Frank Mouris '66 produced "Frank Film," one of three films nominated for best animated short subject, over a five-year period. Mouris taught animation at the Carpenter Center from 1969 through 1972 while finishing work on the film.
The film represents what he termed last week the "onslaught approach" to animation. "The film uses hundreds of thousands of pictures cut from magazines all presented in a relentless, extremely fast-paced, almost choreographed setting," Mouris said.
"It creates a surrealistic context using real-life images," he said.
Double Soundtrack
The film has a double soundtrack. One track relates the "bland story of my life," Mouris said. "The other consists of a list of words, most of which start with the letter 'f,' which explain my life in more emotional terms."
"Frank Film" won the Grand Prix award at Annecy, France, at an international animators' film festival. "For animators, this award is the big one," Mouris said. It has also won first place at film festivals in Baltimore, Chicago and Atlanta.
Mouris, who is now a freelance graphic designer in New York, began cutting thousands of pictures from magazines when he was an undergraduate at Harvard studying graphic design. He later submitted an experimental version of "Frank Film."
He is now working on two grant-financed projects. One, a grant from the New York Council of the Arts, is "financing a film about Coney Island."

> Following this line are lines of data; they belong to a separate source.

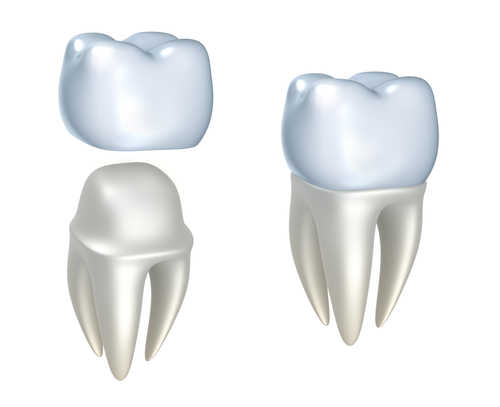 Dentists Develop Restorative Crowns for Children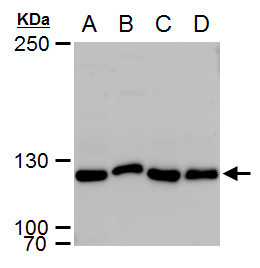XPF Antibody in Western Blot (WB)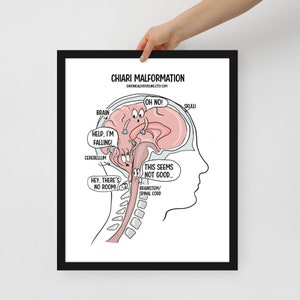 CHIARI MALFORMATIE medische cartoon grappige ingelijste poster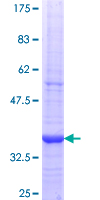 THRSP Protein - 12.5% SDS-PAGE Stained with Coomassie Blue.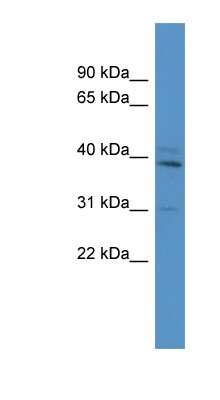 Western Blot: TBX10 Antibody [NBP1-68982] - Titration: 0.2-1 ug/ml, Positive Control: Mouse Brain.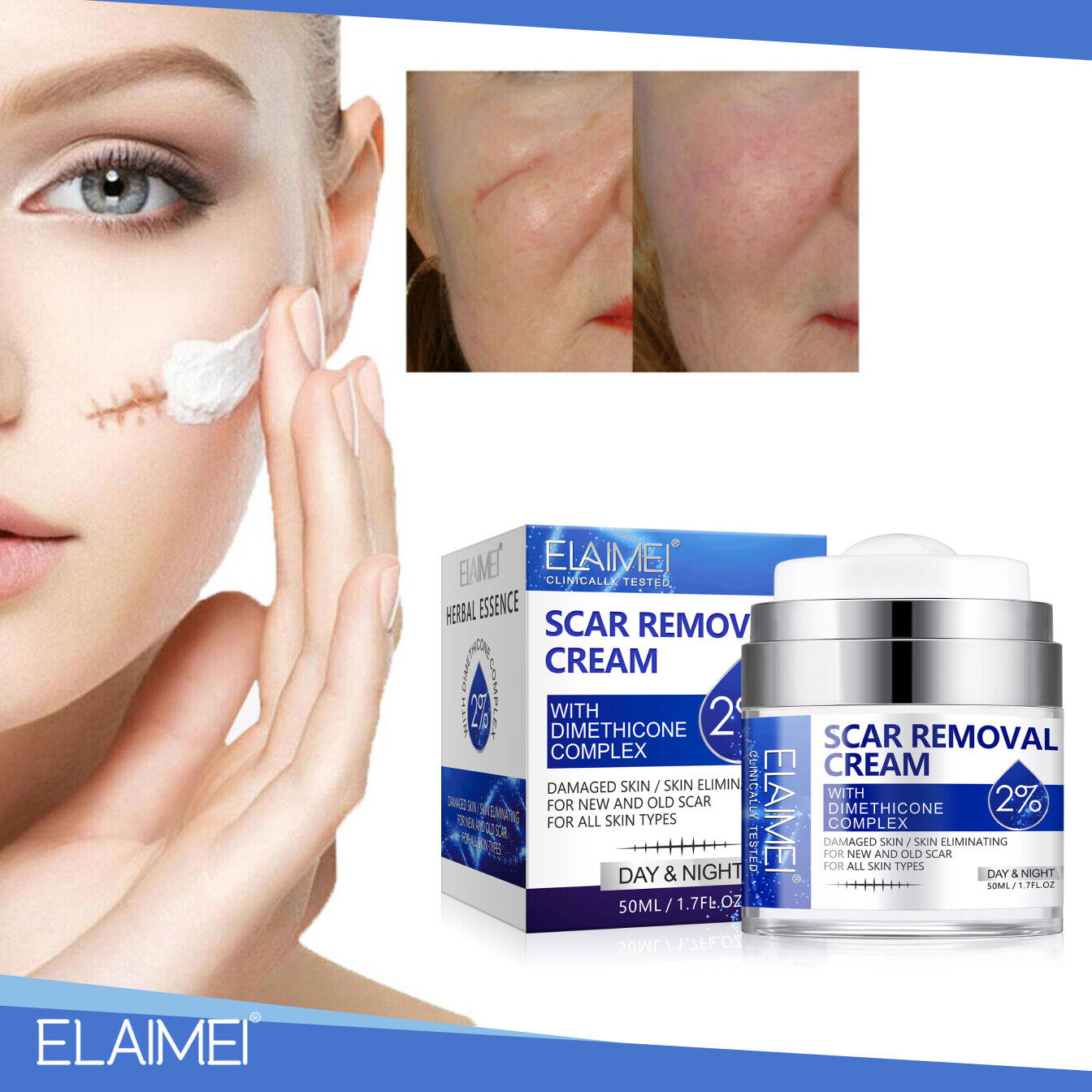 Scar Removal Cream Advanced Scar Treatment Gel Stretch Marks Acne Skin Repair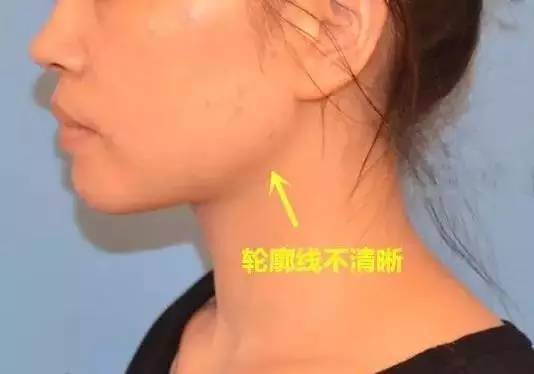 埋线提升,女人颜值的生命线!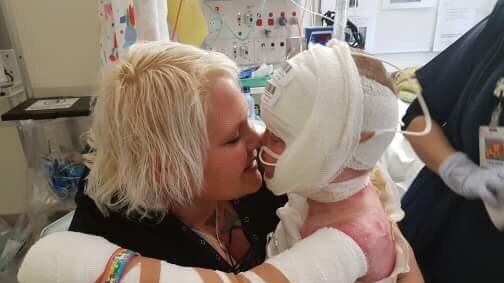 Mother hugging her son, who is in hospital with bad burns and body wrapped in bandages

"It's going to be part live action, part animation with special effects," Mouris said. "It's about the past, present, and future of the place with a lot of my own impressions thrown in."
Screen Test
"Screen Test," a study of a film collective in New York, will be financed by a second grant from The American Film Institute.
The Oscar awards will be announced on April 2. At the end of the film, Mouris said, "I made a tongue-and-cheek prediction about my future. So far, everything has happened right; the Oscar would be the last thing."